WHAT YOU HAVE TO DO - Repeat the listing exactly as given, omitting every image.

GIVEN DATA -
----------------------------------------

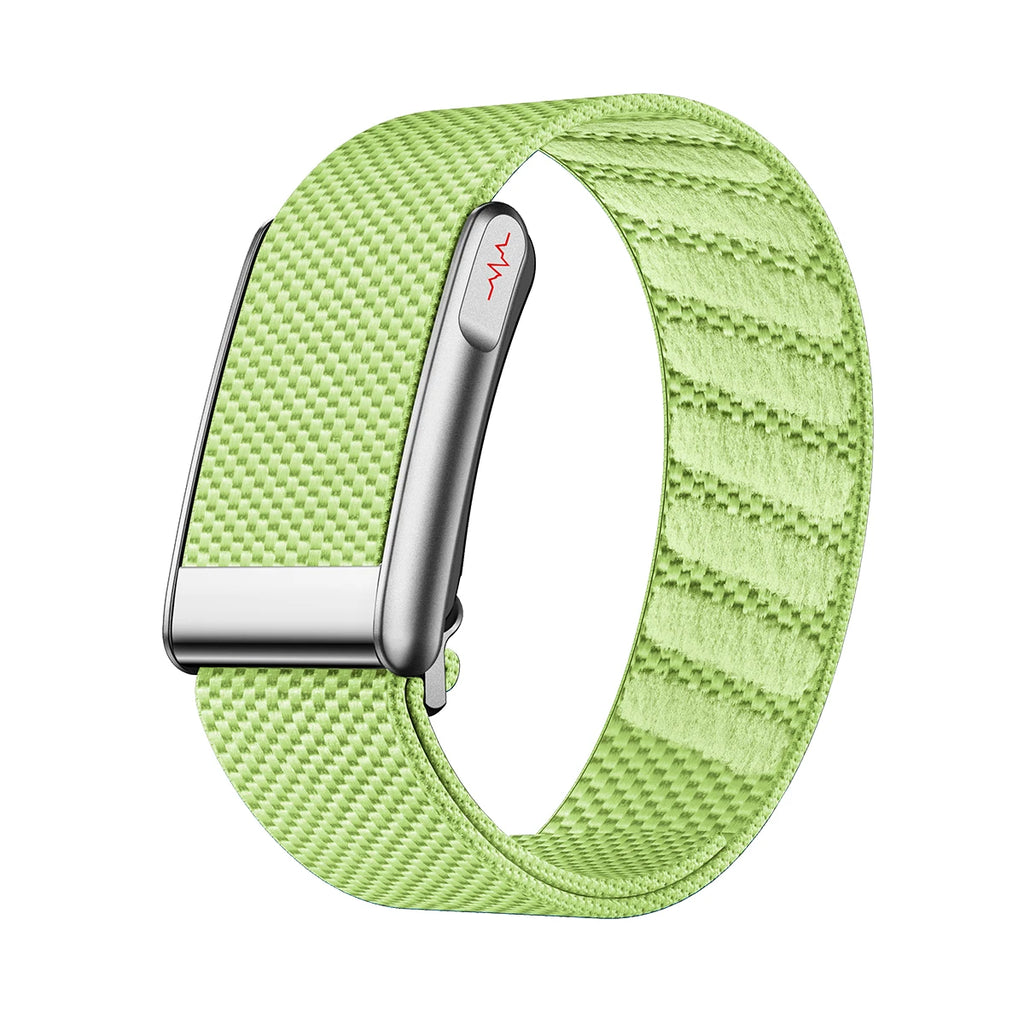 Pulsera Inteligente VWAR Loop Life SpO2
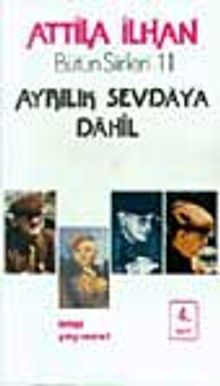 Ayrılık Sevdaya Dahil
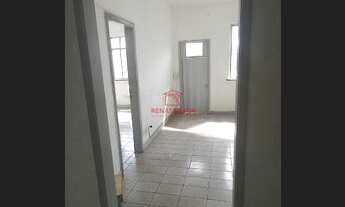 Imagem 4: Ótimo apartamento no Centro de Caxias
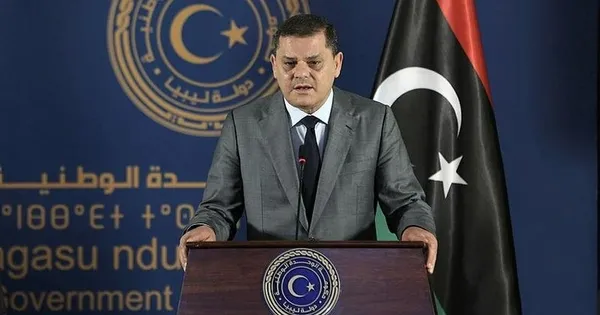 libya-basbakani-libya-ve-turkiye-arasindaki-deniz-anlasmasi-konusunda-yunanistan-ile-ayni-fikirde-degiliz-1620250651028.jpeg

----------------------------------------

WRITTEN SOLUTION -
 Pulsera Inteligente VWAR Loop Life SpO2
 Ayrılık Sevdaya Dahil
 Imagem 4: Ótimo apartamento no Centro de Caxias
 libya-basbakani-libya-ve-turkiye-arasindaki-deniz-anlasmasi-konusunda-yunanistan-ile-ayni-fikirde-degiliz-1620250651028.jpeg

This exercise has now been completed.